# Dry brushing gel stains



## TERRY365PAINTER (Jul 26, 2009)

Doing some cabinets , red oak 
Gel stain old master's . Rich mahogany 
Any body tried this method ? They want them real dark dry brushing is leaving heavy brush strokes ! Getting the color though if I wipe they will take 3 coats !
Thinking dry brush first coat then dry ,
Sand 220 they second coat wipe coat ?
Anybody tried this process ? 
Thanks for any help


----------



## madochio (Oct 26, 2011)

depending on how dark you need it to be, u maybe better off with a lacquer. the gel stain will get dark, but the more coats you do the less like it will level


----------



## NCPaint1 (Aug 6, 2009)

Switch to the penetrating stain, gel is too thick for hardwoods.


----------



## NCPaint1 (Aug 6, 2009)

madochio said:


> depending on how dark you need it to be, u maybe better off with a lacquer. the gel stain will get dark, but the more coats you do the less like it will level


SW noob........


----------



## Paradigmzz (May 5, 2010)

I'm betting this is a refinish, if it is penetrating is out the window. Gel is a Pita. Old Masters if you have to go this route. Using a pigmented lacquer is your best bet, but since you aren't probably going this route as you are already in it, here is some advice for gel. You can thin it a hair, you will probably multi coat it. Let it dry completely between. Sanding is sketchy, that's why I would reduce and plan on multiples. Your gonna have to topcoat or its gonna scrape off. I bet you only go the gel stain route once...


----------



## Wolfgang (Nov 16, 2008)

Doing the gel stain isn't a problem. The problem usually is with the brush used - the softer the better. Also you'll want to use a soft cloth for blending the brush marks out, though you may want to leave a few in for a graining effect. A "normal" size cabinet door should be done in probably 3 sections going the full length in each section.


----------



## paintguy86 (Aug 6, 2011)

Badger hail softening brush.works great to blend.


----------



## TERRY365PAINTER (Jul 26, 2009)

The process was a pita blended and brushing sucked ! I used a ox haired brush 
The cabinets themselves came out great
They should be good to go ! Next time I using a penetrating stain or pigmented lack !!! I just hope they sand out alright . 
Plus it cold out drying could be an issue!
Had to move everything inside thank god for the erecta rack !!!!! 
Second coat tomorrow . Hope I get some sleep . Thanks for all the help .


----------



## paratrooper (Mar 6, 2009)

Use a get stain thinned with penetrol to give you extra working time. I agree with using a soft brush--the softest that you can get. You will leave some trace of brushing, but this is the least expensive way to change the look of cabinets. You should be able to gat good results in one coat. Be careful if sanding--you may burn through the layer of gel stain. Work the doors and face frames in sections. Each rail and stile and panel gets brushed as if it is a separate piece.


----------



## jack pauhl (Nov 10, 2008)

TERRY365PAINTER said:


> Doing some cabinets , red oak
> Gel stain old master's . Rich mahogany
> Any body tried this method ? They want them real dark dry brushing is leaving heavy brush strokes ! Getting the color though if I wipe they will take 3 coats !
> Thinking dry brush first coat then dry ,
> ...


This just means you didn't have the color right to start. Don't be afraid to mix those.
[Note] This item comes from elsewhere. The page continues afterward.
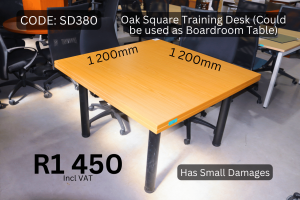 Functional Used training desk supplied by HNA Office Furniture in Gauteng.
My theory on staining anything is match the color as if you poured it on. I've seen guys try to dry brush to keep colors from going too dark. Thats a disaster waiting to happen come clear coat time.

I'd mix some walnut or the like into it to get your depth correct and apply with brush and use a wax applicator for a car to move that stain around.


----------



## TERRY365PAINTER (Jul 26, 2009)

Thanks jack 
The problem was not, so much the color 
I needed to re sand everything to a heavier grit being they were red oak cabinets . 
The stain grabbed , better after that . Still brushed out 2 coats though ! They like the color . Learned a lot on this job . Still made money took longer than estimated . I like the cabinets you did with the valspar stain 
water based . That would worked out better for this particular client .


----------